Ohio State Murders is a play written by Adrienne Kennedy. The play was first published on January 14, 1991.

== Plot ==
Ohio State Murders is a one-act play that revolves around racism, misogyny, and young adulthood. The play focuses on the life of Suzanne Alexander, a college student at Ohio State University from 1949 to 1950. As she goes back to her alma mater as a renowned Black author to speak, Suzanne addresses the reasons why she uses "violent" images in her works.

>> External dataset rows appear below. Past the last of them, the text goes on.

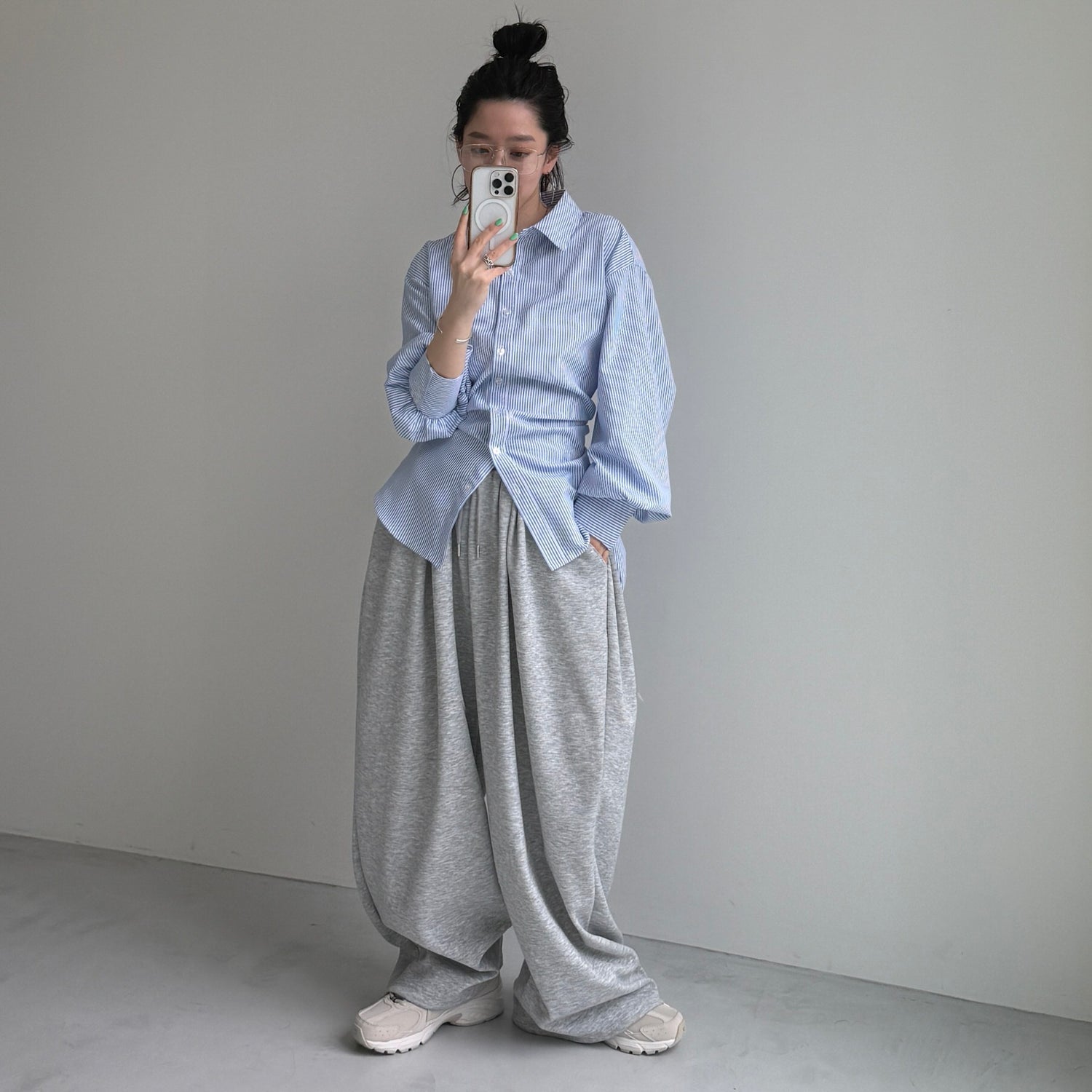 super loose sweat pants / gray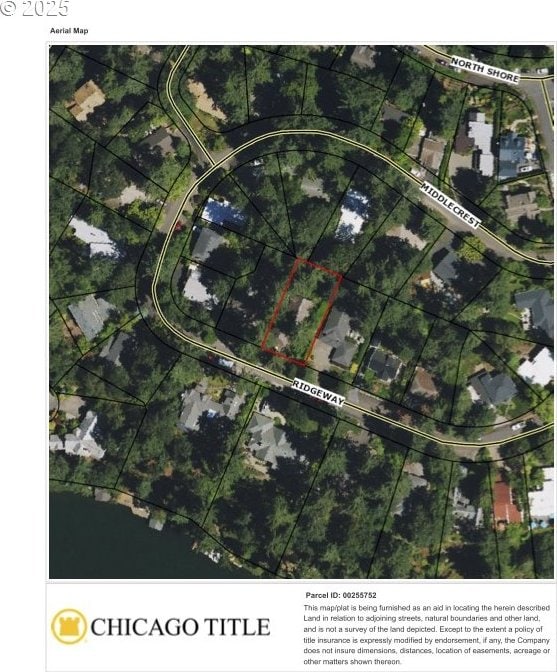 589 Ridgeway Rd, Lake Oswego, OR 97034 - aerial overview of property's location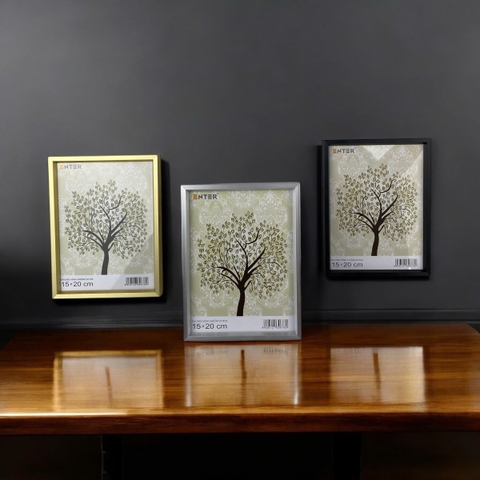 Khung hình nhôm Enter KH102 15x21cm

This query gives Suzanne the platform to fully speak about her trauma experienced as a black woman at Ohio State University and the murder of her daughters Cathi and Carol by her professor, and the father of her children, Robert Hampshire.

Suzanne is faced with systemic racism through the education system and peers, sexism by her professor and police, and internalized racism from her family members. Kennedy provides a powerfully crafted portrayal of Suzanne Alexander's isolation and the glass ceiling at Ohio State in the 1950s.

== Characters ==
- Suzanne Alexander — Writer and Ohio State University alumna
- Robert Hampshire — English professor at Ohio State University
- Iris Ann — Suzanne's roommate at Ohio State
- David Alexander — Suzanne's husband and former law student at Ohio State
- Val — Suzanne's acquaintance
- Aunt Lou — Suzanne's aunt who cares for her after the birth of her children
- Mrs. Tyler — A widow who provided lodging to Suzanne in Columbus
- Cathi & Carol — Suzanne's baby twin daughters
- Patricia "Bunny" Manley — Suzanne's racist dorm neighbor at Ohio State

==Productions==
The play was first performed from January 14 to February 9, 1991, at Yale Repertory Theatre's Winterfest, starring Olivia Cole and premiered at the Great Lakes Theater Festival on March 7, 1992, in a production directed by Gerald Freedman and Mary Bill. Its New York debut was off-Broadway at the Duke on 42nd Street, Theatre for a New Audience on October 27, 2007, directed by Evan Yionoulis and starring LisaGay Hamilton.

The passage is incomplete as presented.